[Test] Soulstice « Une ode à Claymore et Berserk »
04 oct. 2022Sur une certaine plateforme de streaming bien connue, la série Claymore a fait sa réapparition. Cela est peut-être un signe du destin, mais c'est l'occasion pour le jeu Soulstice de profiter de cette aubaine afin de faire l’éloge de Claymore et de Berserk de la plus belle des manières, dans une aventure à la direction artistique des plus inspirées.
Testé sur PC Steam.
Soulstice est un jeu d'action-aventure à la sauce Girls Power très proche de Bayonnetta et Nier Automata. Le jeu est édité par Modus Game et développé par le jeune studio italien Reply Game Studios qui en est à sa troisième production. Pour démarquer son bébé, Fabio Pagetti directeur créatif de Soulstice, joue clairement sur son univers inspiré de Claymore, avec un rendu technique et artistique de toute beauté. Au programme, action démentielle, Spectres bien sombres et vision esthétique de l’apocalypse à une époque médiévale.
L’intrigue de Soulstice se déroule dans le royaume sacré de Keidas. L’équilibre y a été rompu lorsque de puissantes créatures des ténèbres appelées les « Spectres » ont traversé le « Voile », la frontière les séparant du monde des vivants. En quelques heures la ville a complètement été corrompue. Envoyés sur les lieux pour préparer l’arrivée des renforts, Briar et Lute sont deux sœurs réincarnées sous la forme d’une « Chimère ». Union de deux êtres, les Chimères sont les seules capables de combattre les Spectres et leurs fléaux. Pour se faire, Briar a une force et une résistance surhumaines, tandis que Lute, sa jeune sœur, est réincarnée en esprit lié à sa sœur. Lute est capable de maîtriser les pouvoirs mystiques et assure l'arrière garde de Briar.
Engagées dans l’exploration et le nettoyage de la ville dans un premier temps, les sœurs vont très vite s’engager malgré elles dans un engrenage machiavélique dont elles font partie…
Gameplay :
Dès les premiers instants manettes en mains, on ne peut s’empêcher de comparer Soulstice à Bayonneta, Nier Automata, Devil May Cry, God of War et autres… Les développeurs ont eu le bon goût de s’inspirer de toutes les meilleures productions du jeu d’action à la troisième personne pour nous concocter une recette qui réussit malgré tout à trouver quelques innovations intéressantes, mais peut-être trop nombreuses...

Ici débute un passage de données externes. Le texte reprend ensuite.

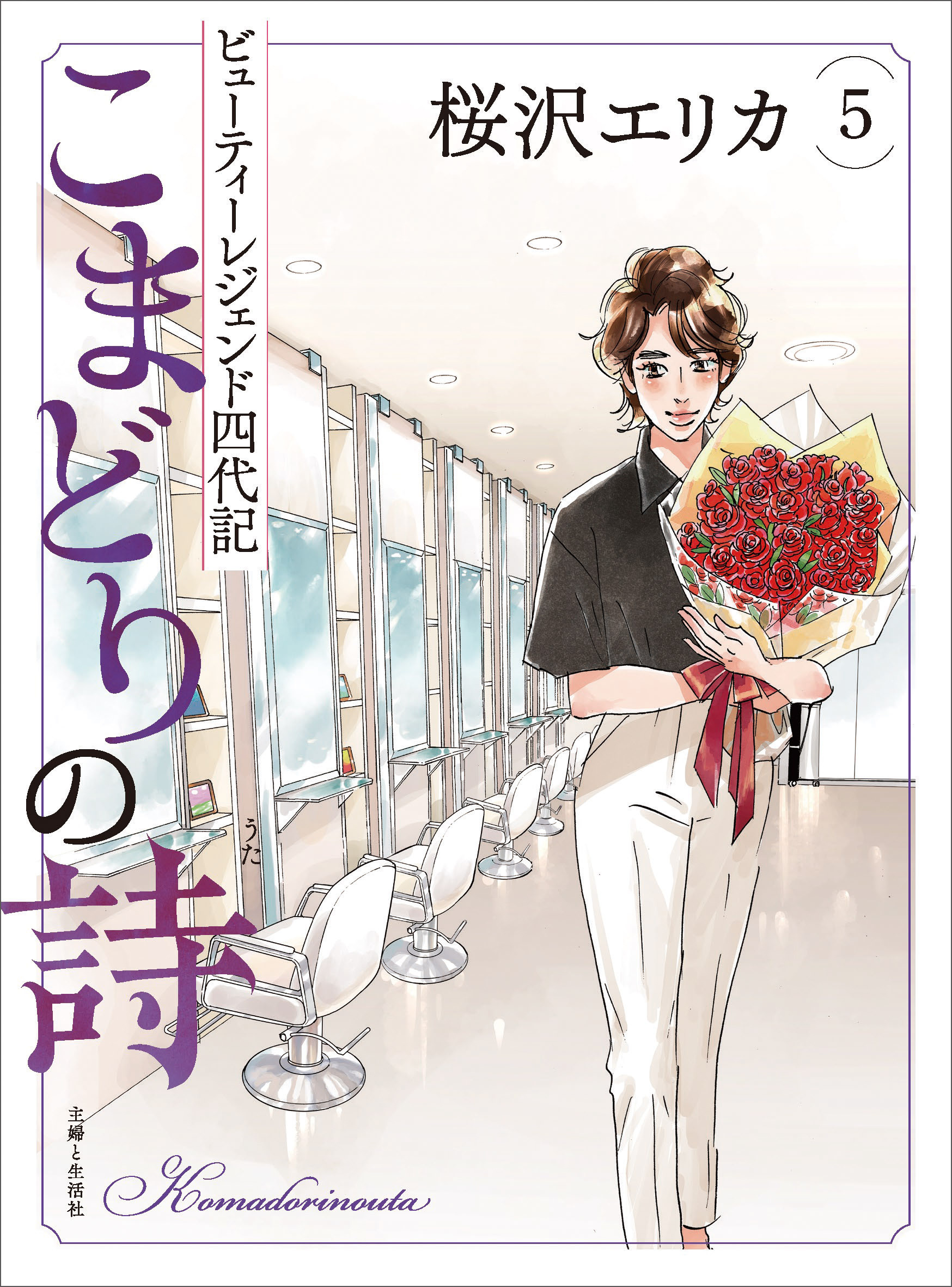 こまどりの詩 ５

Comme pour ses aînés, le gameplay de Soulstice se compose d’une phase d’exploration conduisant à des combats, menant à des boss, puis des interludes scénaristiques, et recommence ce schéma durant 25 chapitres. Il y a également une grosse partie sur la gestion de son stock d'objets divers ainsi que le développement des talents pour parfaire l’attirail des sœurs. La trame principale du jeu prend son temps à se dévoiler, mais une fois dedans, il est difficile de s’arrêter tant elle est prenante et cohérente concernant le destin des deux sœurs devant le danger qui les menace.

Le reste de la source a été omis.